The crucial election in Turkey could spell the end of the Erdogan era, according to Forbes: “We the people, who are you?  asks the Islamist leader

The crucial election in Turkey could spell the end of the Erdogan era, according to Forbes: “We the people, who are you? asks the Islamist leader

Islamist President Recep Tayyip Erdoğan paid a visit to the TEKNOFEST Aviation, Space and Technology Festival, held at Istanbul’s Atatürk Airport. Photo via Turkish Presidency

The American magazine Forbes publishes article by Mike O’Sullivan on the importance of Turkey’s upcoming elections inside and outside the country and the tactics Tayyip Erdogan is likely to use to maintain his power.

Nestled in Jan Werner Mueller’s book on populism is a quote from Erdogan: “We are the people, who are you?

It is a powerful and defiant statement from a politician who has become the embodiment of Turkey – first beguiling its people with progress, development and national achievement, then conquering the state and stripping its institutions.

As a result of his actions and values, the Turkish economy collapsed and inflation reached almost 100%.

Erdogan will become a central figure in the coming weeks, as the Turkish presidential election is important internationally for several reasons. The elections are a crucial step for Turkey.

An Erdogan victory will damage democracy and forever invalidate Kemal Ataturk’s model that Turkey should strive to be secular, democratic and Western-leaning.

More broadly, Erdogan is a test case of the “authoritarian recession” theory, while other populists like Bolsonaro and Donald Trump have gone off the rails.

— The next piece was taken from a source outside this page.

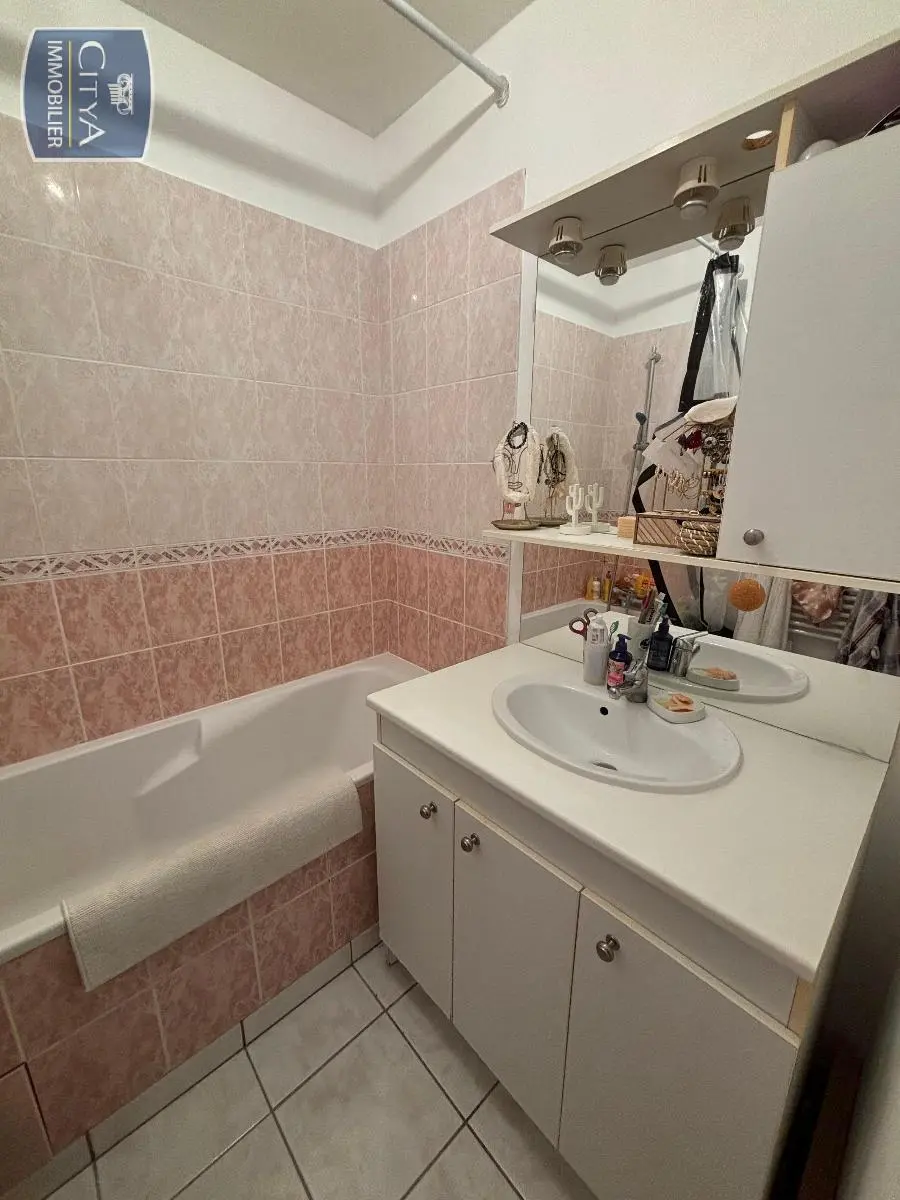 Photo 5 Appartement 1 pièce 27.4m²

A changing of the guard in Turkey would mean that one of the oldest populists has now been pushed aside and democracy will breathe again in Turkey.

But also from a geopolitical point of view, the elections in Turkey are very important. There was a time when Turkey was admired as a role model and a force for stability in the Middle East (especially in the wake of the Arab Spring) and its foreign policy motto at the time was “zero trouble with neighbours”.

But now Turkey is in conflict at every point on the map, embroiled in the Azerbaijan-Armenia conflict, militarily active in Libya and Syria, in conflict with Israel, the most dangerous member of the NATO alliance and a faithful friend of Russia. In other words, there is a lot at stake in elections.

Erdogan’s opponent is veteran politician Kemal Kilicdaroglu – who has been the leader of the Republican People’s Party since 2010.

An economist and former civil servant, he is generally seen as a soft-spoken personality, although in recent weeks he has led protests outside cabinets. These are due to the political consequences of the earthquakes in Turkey which caused the death of 50,000 people.

Unlike the deadly train derailment in Greece, the deaths from the earthquake in Turkey are recognized as being the consequences of corruption – either through poor building engineering or the failure of Turkish institutions to provide assistance to people affected.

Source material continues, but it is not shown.